Equity futures were under pressure on a number of fronts. The U.S. dollar was broadly stronger after more worries about the developing debt situation in Dubai hit overseas stock markets, and commodity prices slipped. Comments from ratings agency Moody's also highlighted the fragility of the economic recovery.

The combination of some negative corporate news, the strengthening of the dollar and the exiting of commodities is weighing on the futures pre-open, said Peter Cardillo, chief market economist at Avalon Partners in New York.

3M fell 2 percent to $76.29 before the opening bell after the diversified manufacturer forecast 2009 earnings per share, excluding items, between $4.50 and $4.55 per share. The consensus of analysts polled by Thomson Reuters is for earnings of $4.57 a share.

Shares of McDonald's Corp slid 2.4 percent to $60.45 after it said sales at established U.S. restaurants dipped in November, the second straight month of declines at domestic outlets.

Oil fell below $73 a barrel, extending the previous day's 2 percent decline. The dollar <.DXY>, which has traded inversely to stocks of late, firmed 0.3 percent against a basket of currencies.

FedEx Corp could help limit losses after it said late on Monday its second-quarter earnings would easily beat its previous forecast, citing strong growth in international demand for its air services, especially in Asia and Latin America. Its shares gained 2.1 percent to $89.40 premarket.
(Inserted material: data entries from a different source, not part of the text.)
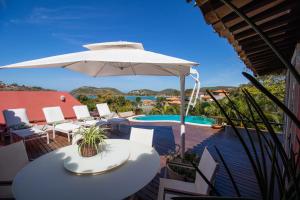 un patio con tavoli, ombrellone e piscina di Villa Vermelha Ocean View a Búzios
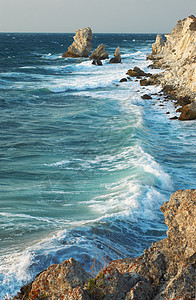 蓝海风暴力量岩石波浪海滩海岸线泡沫地平线运动风景日落图片
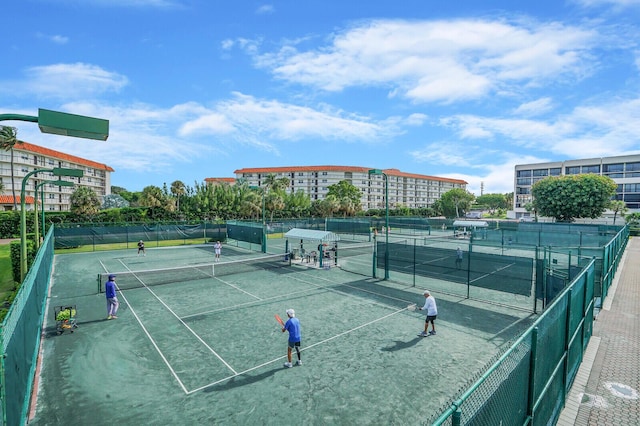 view of tennis court featuring fence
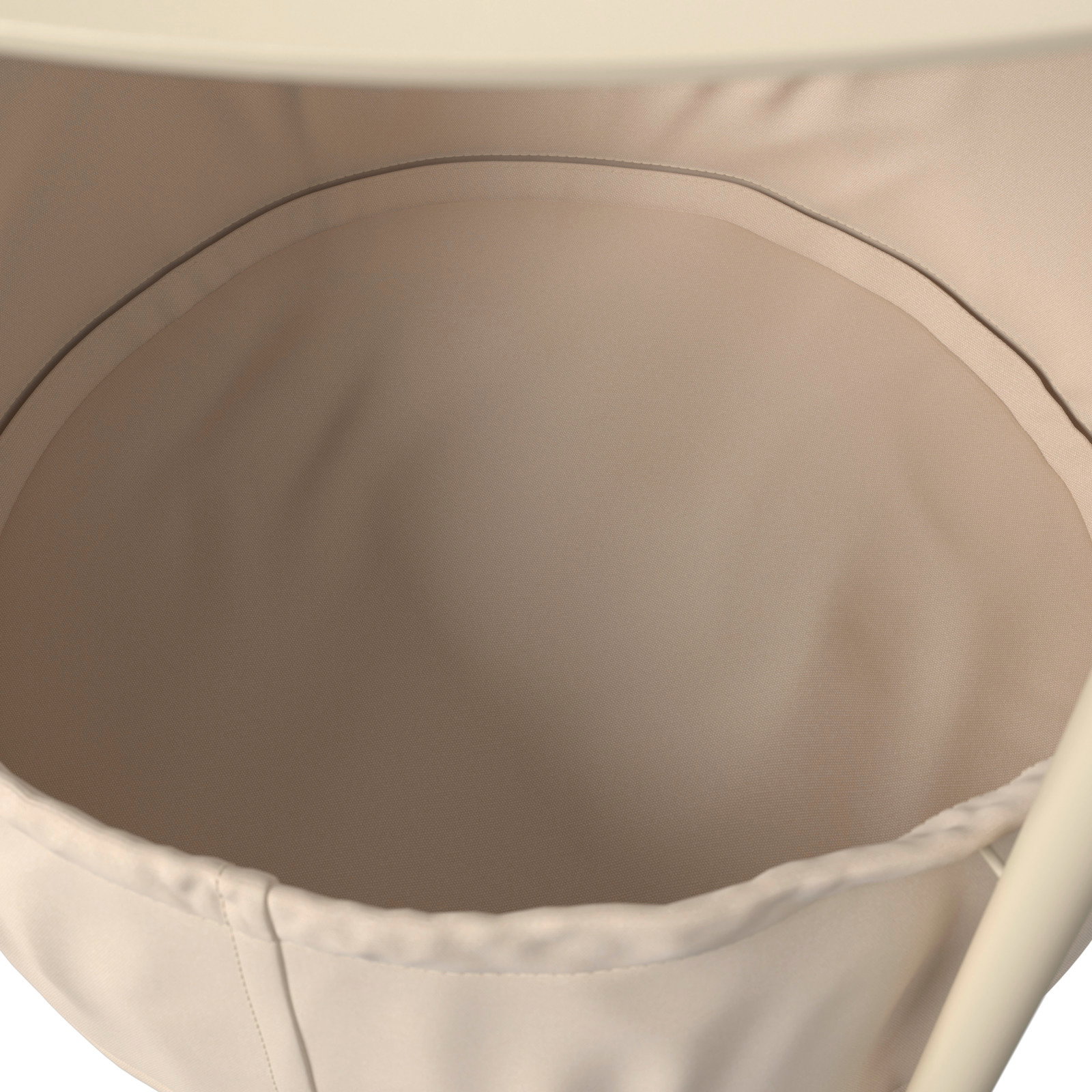 Nahaufnahme eines beigen Beistelltisches mit Stoffeinsatz von oben betrachtet.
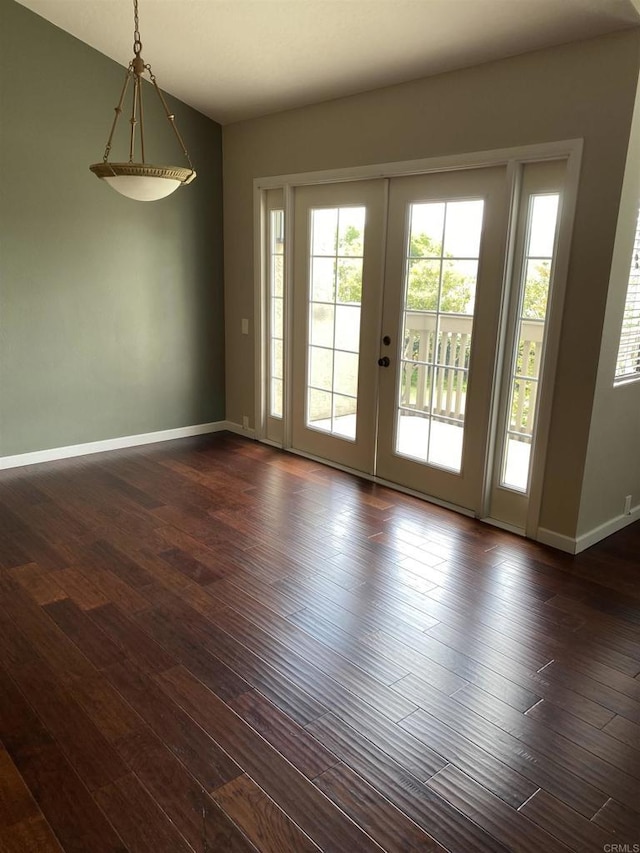 5983 Gaines St, San Diego, CA 92110 - empty room with french doors and dark wood finished floors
S&P 500 futures fell 8.8 points and were below fair value, a formula that evaluates pricing by taking into account interest rates, dividends and time to expiration on the contract. Dow Jones industrial average futures slipped 74 points, while Nasdaq 100 futures dipped 15.25 points.

The S&P 500 and Nasdaq ended slightly lower on Monday and the Dow was flat, reversing earlier gains following comments from Federal Reserve Chairman Ben Bernanke that sparked jitters about the pace of the economic recovery.

Moody's Investors Service said the global economic and financial crises may be close to an end, but the fiscal crisis in a number of top-rated countries could last for several years.

Investors were also watching developments in Dubai as its leaders dithered over a rescue for debt-laden company Dubai World. The firm had said in late November it needed a six month standstill on payments, but a government official said on Tuesday it would need more time than that.